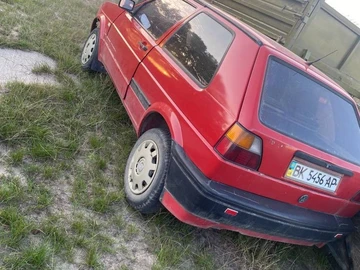 Авто Volkswagen Golf 1989 № 7981015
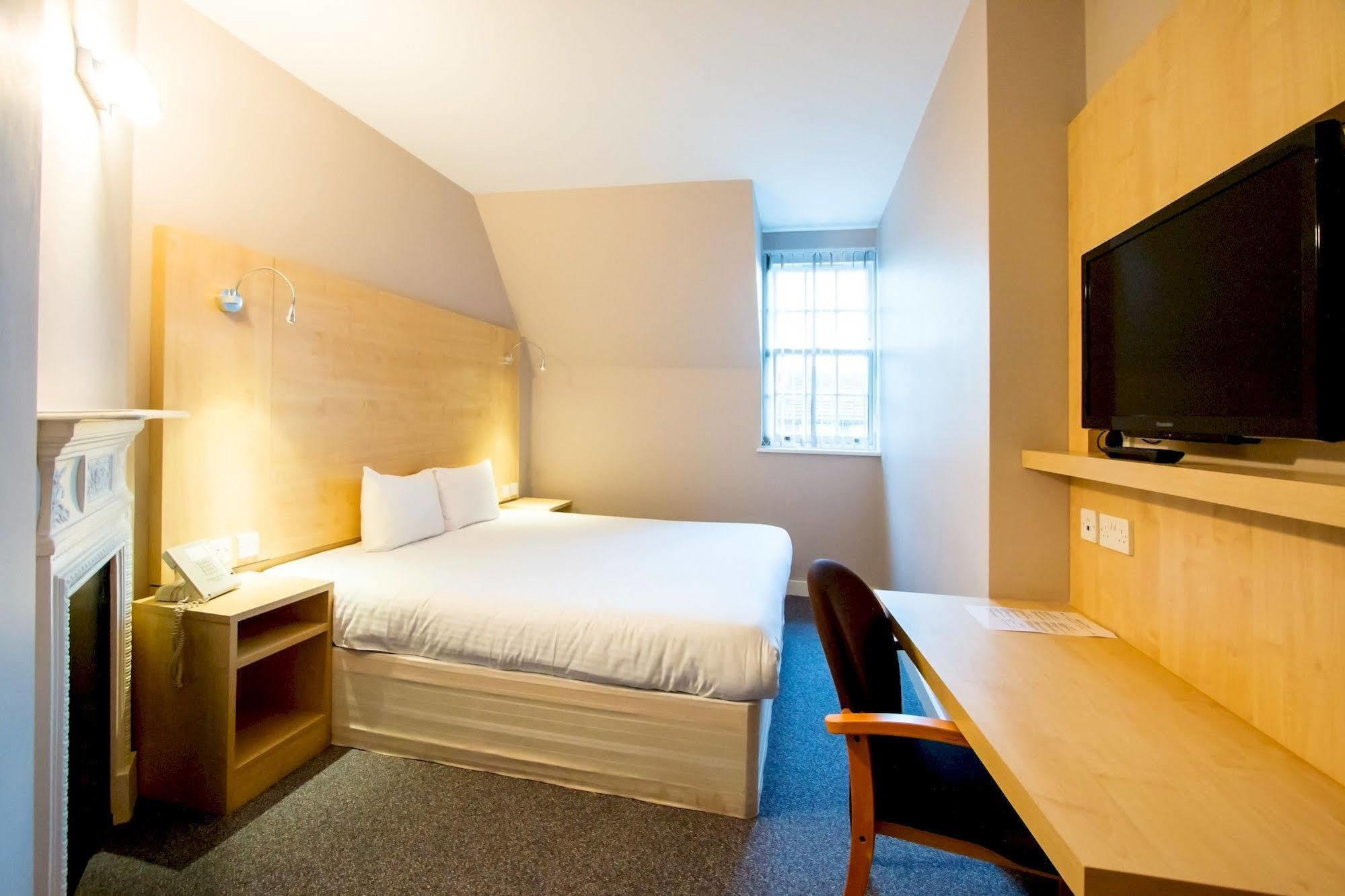 Ruskin Hotel London Exterior photo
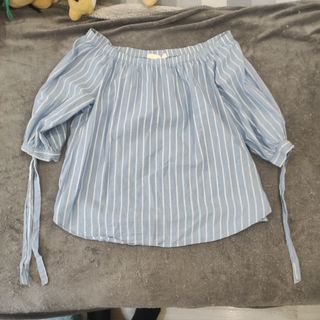 Blusa sin hombros a rallas 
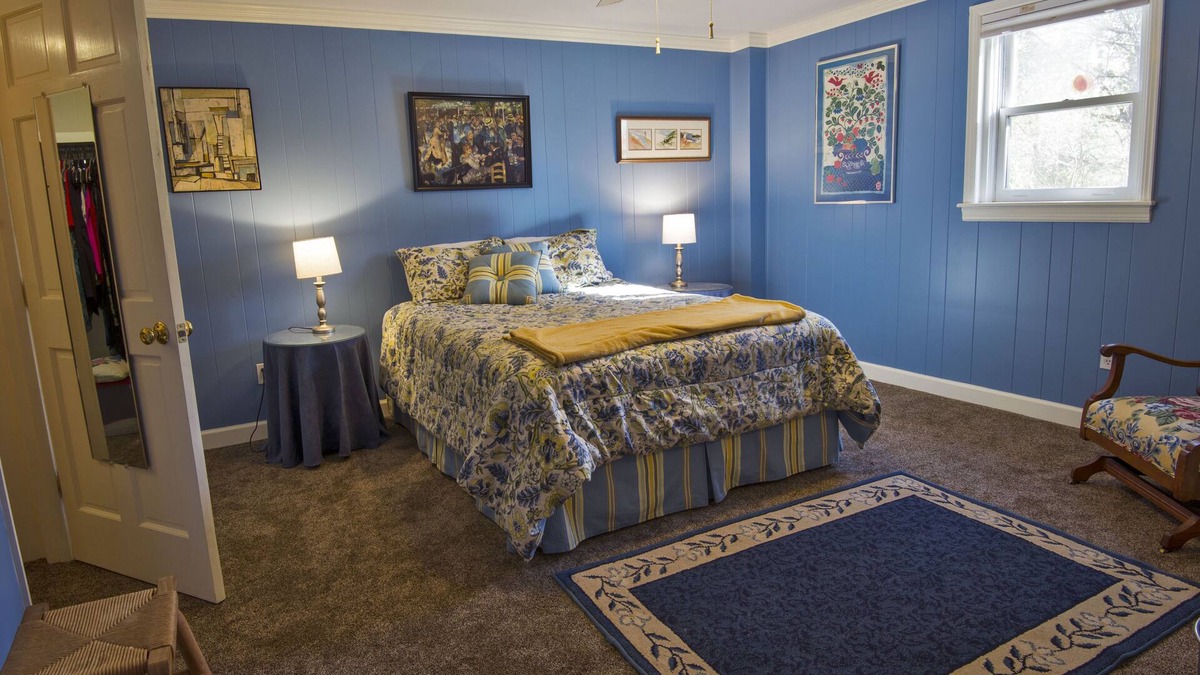 Lynchburg Apartment | Spacious terrace apartment in family home with private entrance and parking.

Exercise aim. Print all of the data exactly, and do not carry over any pictures.

Solution to the exercise.
 Авто Volkswagen Golf 1989 № 7981015
 Ruskin Hotel London Exterior photo
 Blusa sin hombros a rallas 
 Lynchburg Apartment | Spacious terrace apartment in family home with private entrance and parking.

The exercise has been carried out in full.